Scraped caption text data
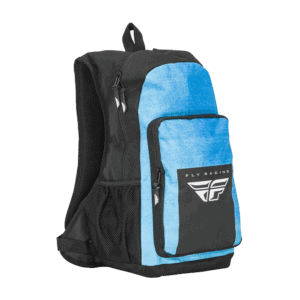FLY Racing Jump Backpack - F-Wing - Black Blue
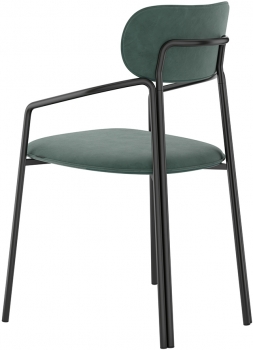 Стул Ror 57X49X83 CM зелёный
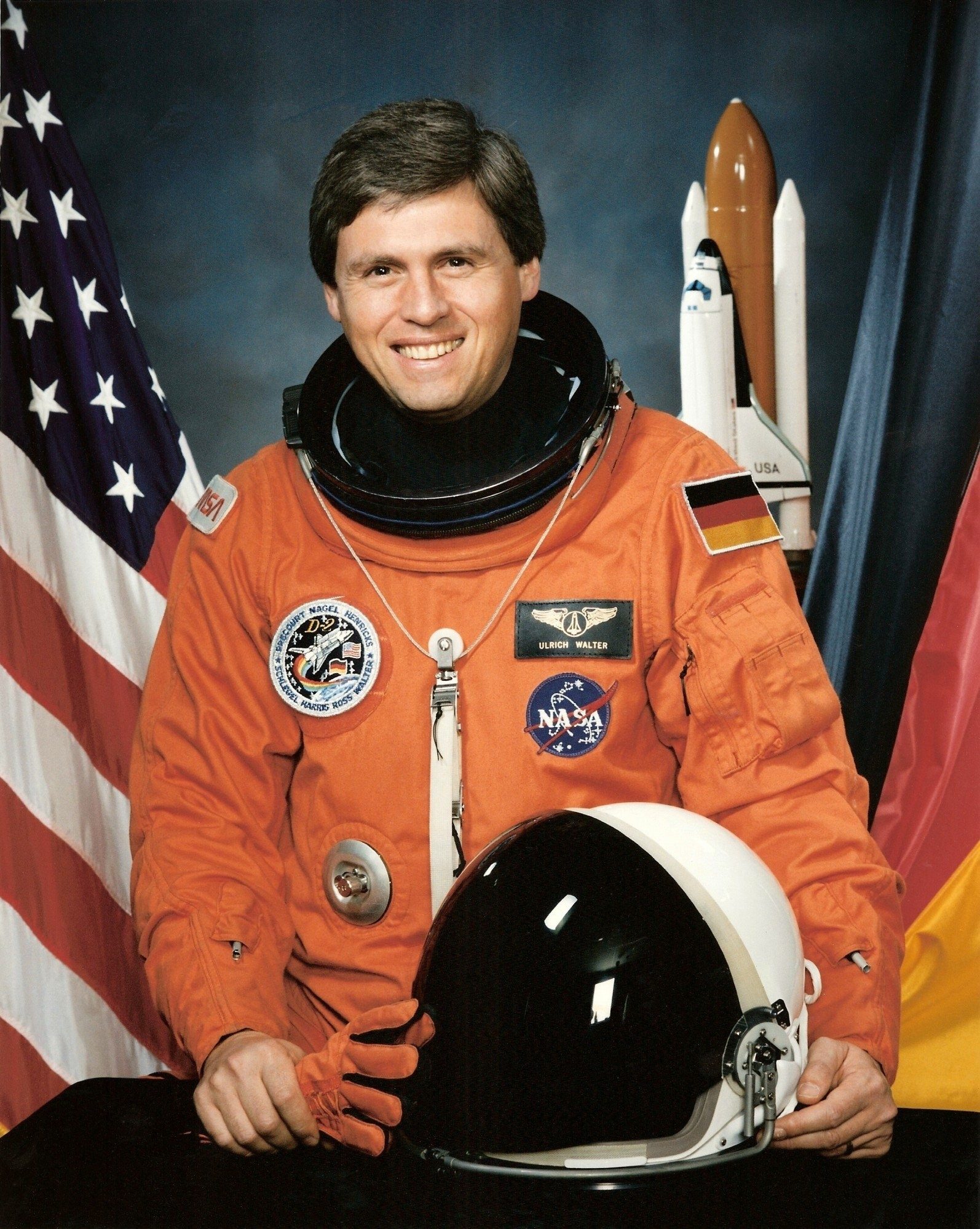 Prof. Dr. Ulrich Walter - NASA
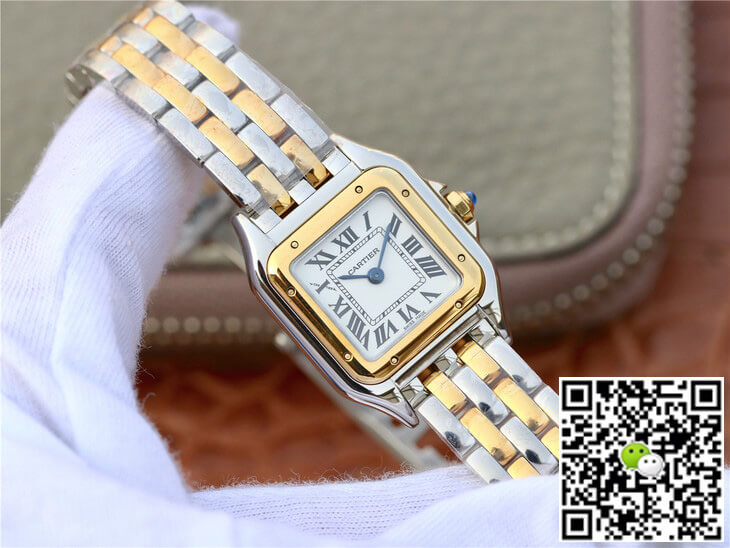 Replica Panthere De Ca*t1er W2PN0006 1:1 Best Edition 8848 Factory White Dial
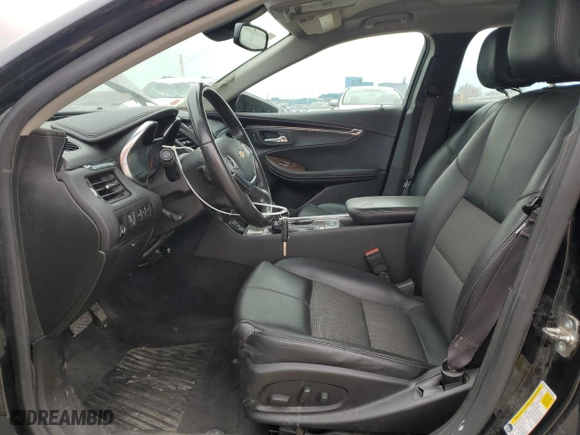 2015 Chevrolet Impala LT with VIN 2G1115SL6F9253806, listed as a Copart auction lot 52025855 with 136,910 mi miles and Salvage Title. Bid and sale history available at carsss.com. Image 7.
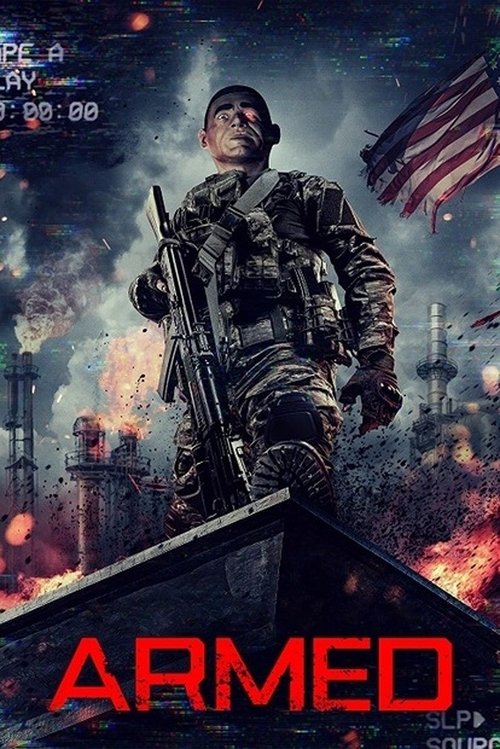 Movie poster for Armed (2025)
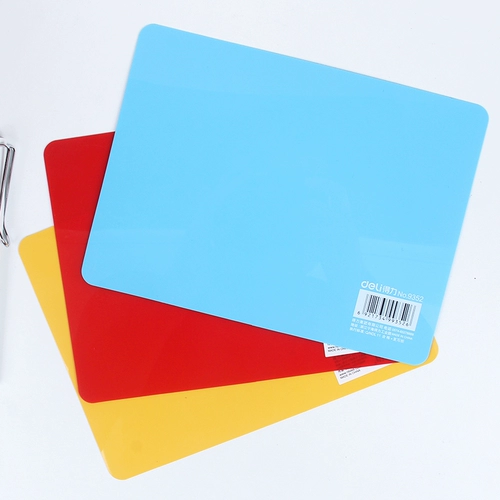 Блокнот для школьников, свежий настольный коврик, пластиковая каллиграфия, канцтовары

What you should do
Set down the data above exactly as written. Omit the pictures.

Response to this exercise
FLY Racing Jump Backpack - F-Wing - Black Blue
 Стул Ror 57X49X83 CM зелёный
 Prof. Dr. Ulrich Walter - NASA
 Replica Panthere De Ca*t1er W2PN0006 1:1 Best Edition 8848 Factory White Dial
 2015 Chevrolet Impala LT with VIN 2G1115SL6F9253806, listed as a Copart auction lot 52025855 with 136,910 mi miles and Salvage Title. Bid and sale history available at carsss.com. Image 7.
 Movie poster for Armed (2025)
 Блокнот для школьников, свежий настольный коврик, пластиковая каллиграфия, канцтовары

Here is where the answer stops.